Good question — and one that first-year international students at the J-school must surely be asking themselves right about now. So does anyone living or working in a new language.
Those “loose affinities” really are a subset of idiom — a “characteristic mode of expression,” according to one online dictionary. Editing a CUNY student from South America over the summer, I marked a number of corrections with “Idiom.” The student e-mailed that she didn’t understand what I meant by “idiom.” My explanation:
It can mean a group of words that has a special meaning of its own. You may understand every word in the idiom but not understand what the idiom means. . . .
But idiom can also mean — and this is what I meant several times in this piece — a normal, customary way of saying something, For example, we normally say “came to a conclusion,” not “got to,” or “is of interest to them,” rather than “of their interest.” English is especially idiomatic in terms of what preposition to use after what word. . . .
If I say something you’ve written, or quoted a source as saying, is “not idiomatic English,” it means it doesn’t sound like the natural way a native speaker would express something.
That’s what Collins was talking about. And that natural way of expression is what every non-native English-speaker at the J-school should be striving for.
Idiom changes with time and circumstances — hence Collins’s in the early years of this century (since e-mail had become commonplace just a few years years before). It’s not only drinks that can be grabbed. When a former boss of mine breezily asked, “Shall we grab a few?” my immediate reaction was, ” A few what? Brewskis?” (That’s slang, generally male, for beers.) But then I realize he meant a few minutes — in other words, to talk.
How does a non-native speaker understand such phrases when in that case even I didn’t? Mainly through listening and practice. Each August at international pre-orientation, I hand out a six-page list of English idioms that doesn’t even scratch the surface of (or make a dent in) of the thousands Americans use daily. If you need a copy, stop by room 432 during office hours or e-mail email@example.com.
Overuse all too easily can turn idiom, which is desirable, into cliche, which is not. As a writer in English, Collins added:
I strained to avoid such formulations. But in French conformity was my ambition. Speaking offered a sense of community, the rare chance to crowdsource my personal thesaurus. . . . I was trying to join in, not to distinguish myself. I wasn’t a writer but a speaker. I wasn’t an observer but a participant. It was such a happy thing to strive for a cliché.
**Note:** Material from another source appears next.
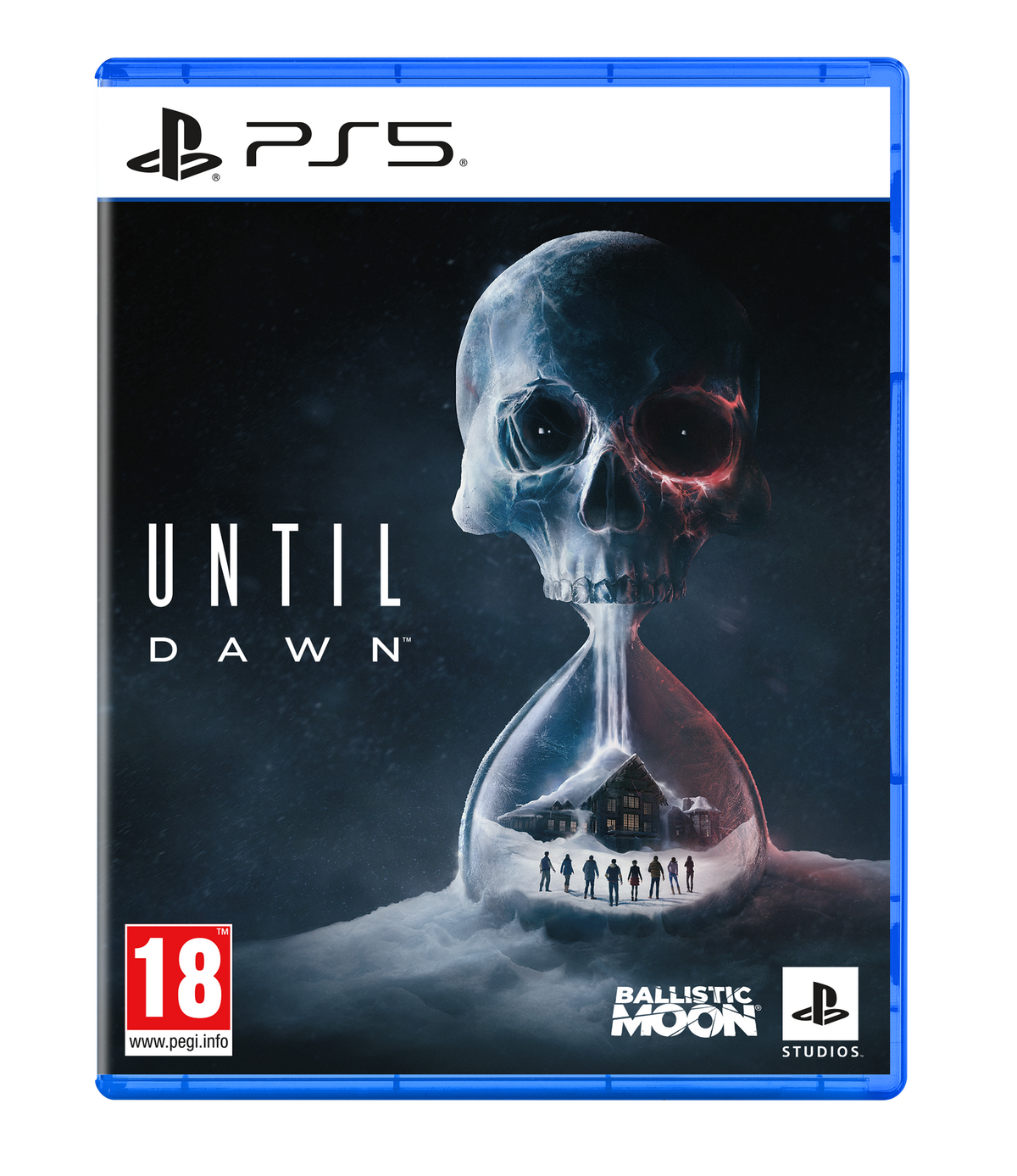 Until Dawn (UK/AR) – PS5 – produktbillede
That word thesaurus also came up during my first office hours of the semester when Pauliina Sinlauer from Finland asked, “How do I find a synonym?” She was concerned that her writing would lack color if she used the same word over and over again.
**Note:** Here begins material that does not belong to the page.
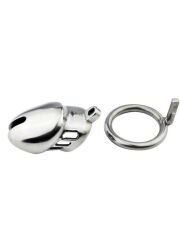 BDSM Paslanmaz Çelik Penis Kafesi – Model No: 5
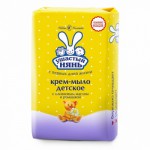Ушастый нянь Мыло-крем с экстр.Ромашка 90гр  Невская косметика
Many vocabulary-building tools exist, and one is a thesaurus, a book of synonyms and related terms. A wide selection is now available online. Pauliina and I tested the top of the Google list — thesaurus.com — by searching for good. A list of 52 synonyms and 39 antonyms (opposites) came up, each linking to its own page. Not every synonym is appropriate in every case, especially in journalism: favorable and positive, yes, if they’re what you mean; rad, probably not. Here’s where a thesaurus can help you start distinguishing the nuances between words.
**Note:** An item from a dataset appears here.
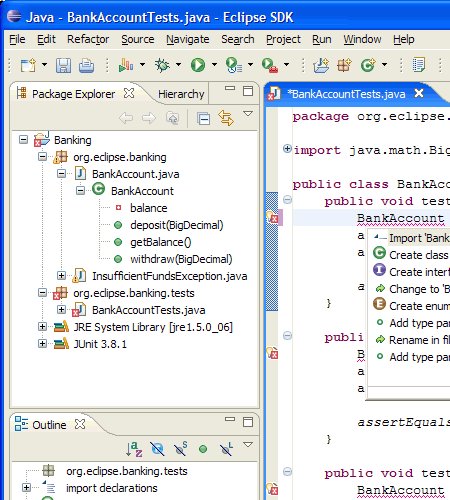 Eclipse (Java / cross-platform)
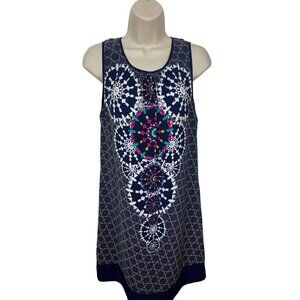 LAUNDRY BY SHELLI SEGAL Women's Size Geometric Print Dress Size Small?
One thing I emphatically told Pauliina not to do was to reach so far for another word that she would fall into the trap of elegant variations like elongated yellow fruit for banana and fluffy white stuff for snow. Beginning journalists in particular would be well advised to avoid the thesaurus page for said. Having been taught not to repeat the same word over and over again, they too often stretch for substitutes like declared and opined and stated and expressed and assured when the journalistic convention is said. Really, it’ll do.
As the idiom says, it’s a slippery slope — that is, “a process or series of events that is hard to stop or control once it has begun and that usually leads to worse or more difficult things,” according to merrriamwebster.com. And as Collins would no doubt confirm, in English slopes do tend to be slippery.